**THE PROBLEM**
All lines from the one containing "Настенный газовый котел Arderia B16 v3" through the end of the material below are to be printed exactly, both ends included, minus pictures.
= = = = = = =
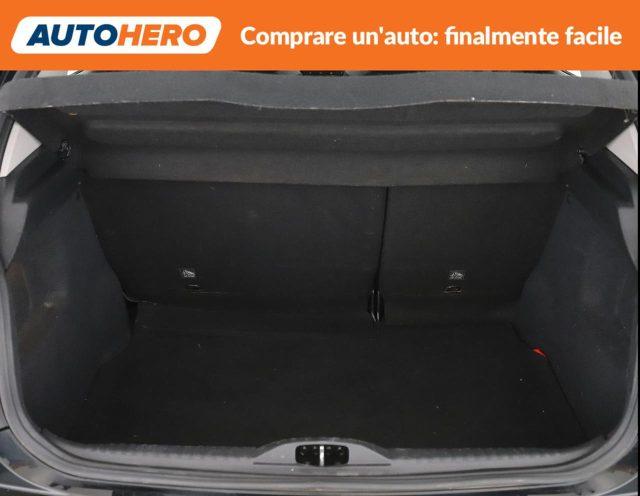 CITROEN C3 PureTech 82 S&S Feel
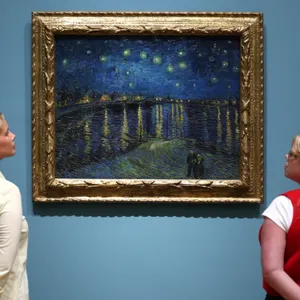 The Happy Pod: The art of ageing gracefully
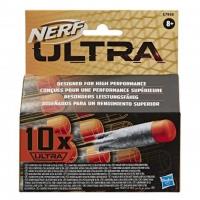 Opakowanie NERF Ultra 10x Dart Refill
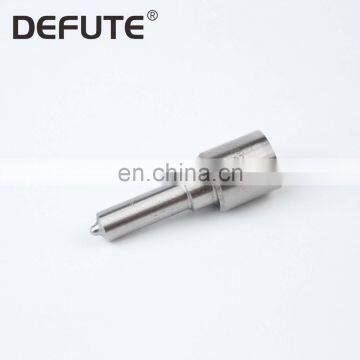 DLLA145P2168 Diesel Fuel Injection Nozzle Common Rail Injector Nozzle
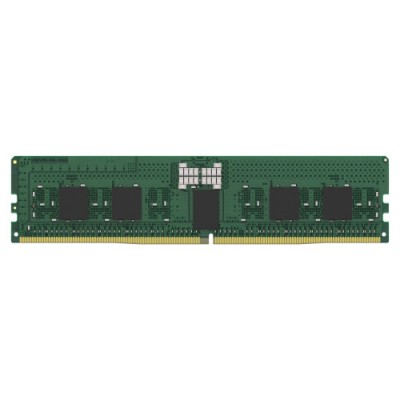 MEMORIA KINGSTON 32GB 5600MT S DDR5 ECC REG CL46  2RX8 HYNIX A RENESAS KSM56R46BD8PMI 32HAI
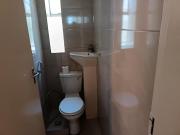 3 Bedroom Apartment in Florida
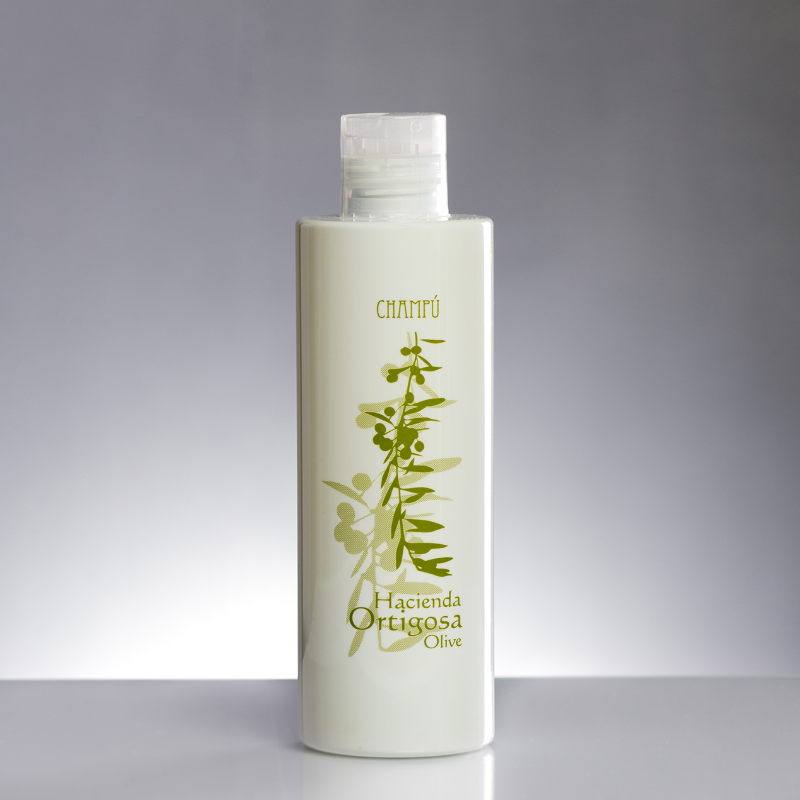 Top Quality 250 Ml Spanish Extra Virgin Olive Oil Hacienda Ortigosas Shampoo For Private Use Supermarkets Hostelry And Gifting 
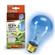 Rzil Boxed Day Bulb Blue 1
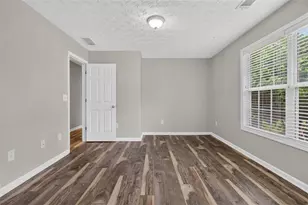 204 Poplar Ridge Dr, Monroe, GA 30655 - Photo 35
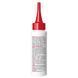 Крио-пилинг для кожи головы Cryo Acid Scalp Peeling Only Hair 100 мл 4823109415188 фото 7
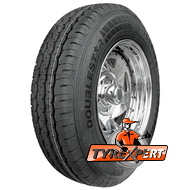Doublestar LTECH DL01 195 R14C 106/104N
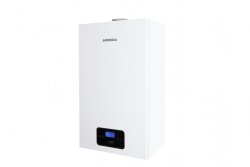 Настенный газовый котел Arderia B16 v3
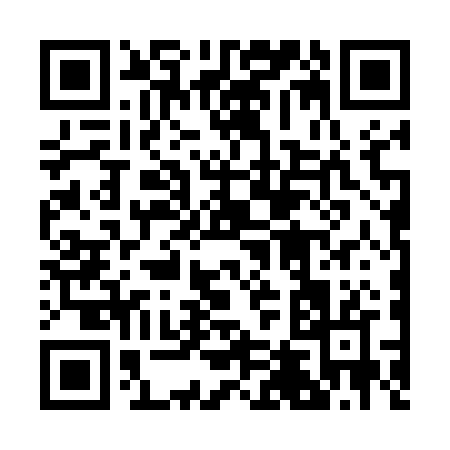 QR code for 24652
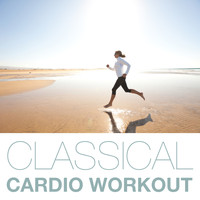 David Moore - Classical Cardio Workout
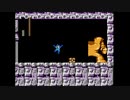 頑張る姉貴のロックマン３　その１０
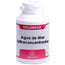 Equisalud Holomega Ultraconcentrated Seawater 180 Capsules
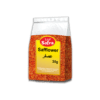 Sofra Safflower 6 X 35g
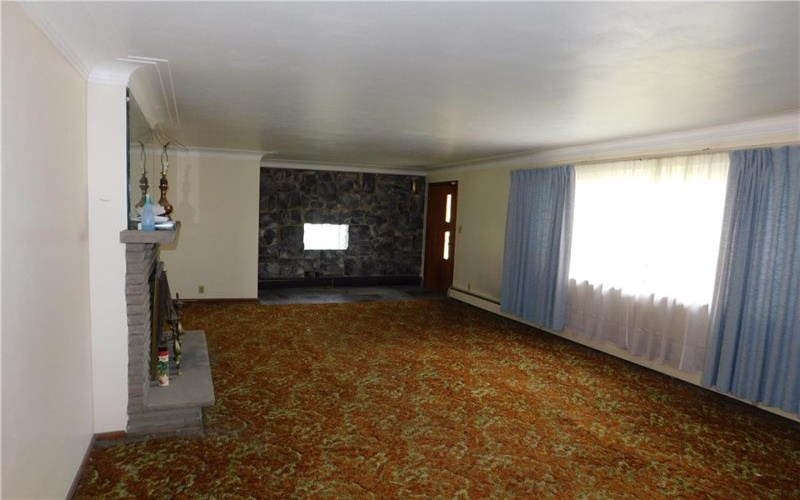 104 Memory Ln, Apollo, 15613, 3 Bedrooms Bedrooms, ,2.1 BathroomsBathrooms,Residential,For Sale,Memory Ln,1753981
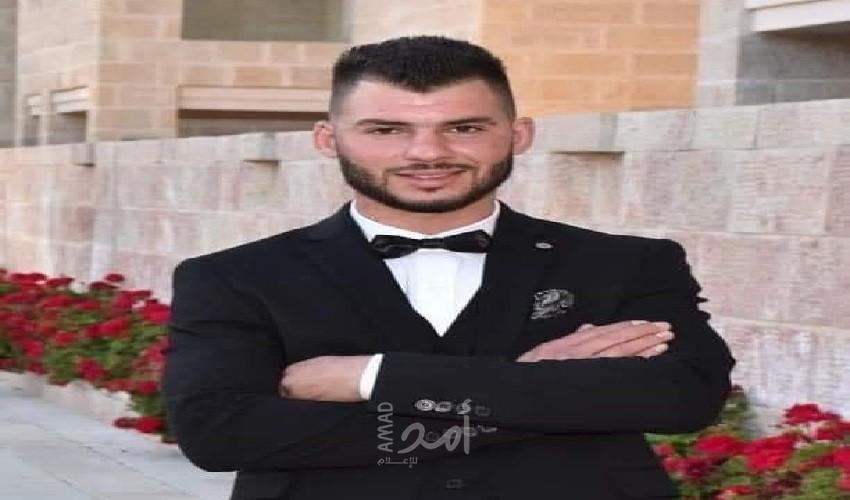 وفاة الشاب الرابع في واقعة كفر عقب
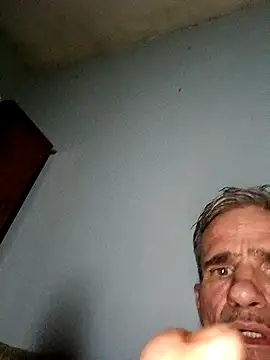 Snapshot of Billgreen69 chatting on November 2025 08:14:02 AM Billgreen69 online show from November 2025 08:14:02 AM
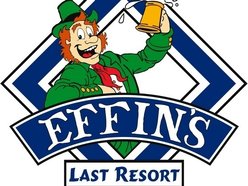 Effin's Last Resort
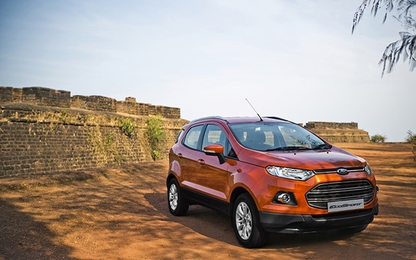 Làm thế nào để tiết kiệm tối đa nhiên liệu khi lái xe?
= = = = = = =
**ANSWER FOR THE TASK**
 Настенный газовый котел Arderia B16 v3
 QR code for 24652
 David Moore - Classical Cardio Workout
 頑張る姉貴のロックマン３　その１０
 Equisalud Holomega Ultraconcentrated Seawater 180 Capsules
 Sofra Safflower 6 X 35g
 104 Memory Ln, Apollo, 15613, 3 Bedrooms Bedrooms, ,2.1 BathroomsBathrooms,Residential,For Sale,Memory Ln,1753981
 وفاة الشاب الرابع في واقعة كفر عقب
 Snapshot of Billgreen69 chatting on November 2025 08:14:02 AM Billgreen69 online show from November 2025 08:14:02 AM
 Effin's Last Resort
 Làm thế nào để tiết kiệm tối đa nhiên liệu khi lái xe?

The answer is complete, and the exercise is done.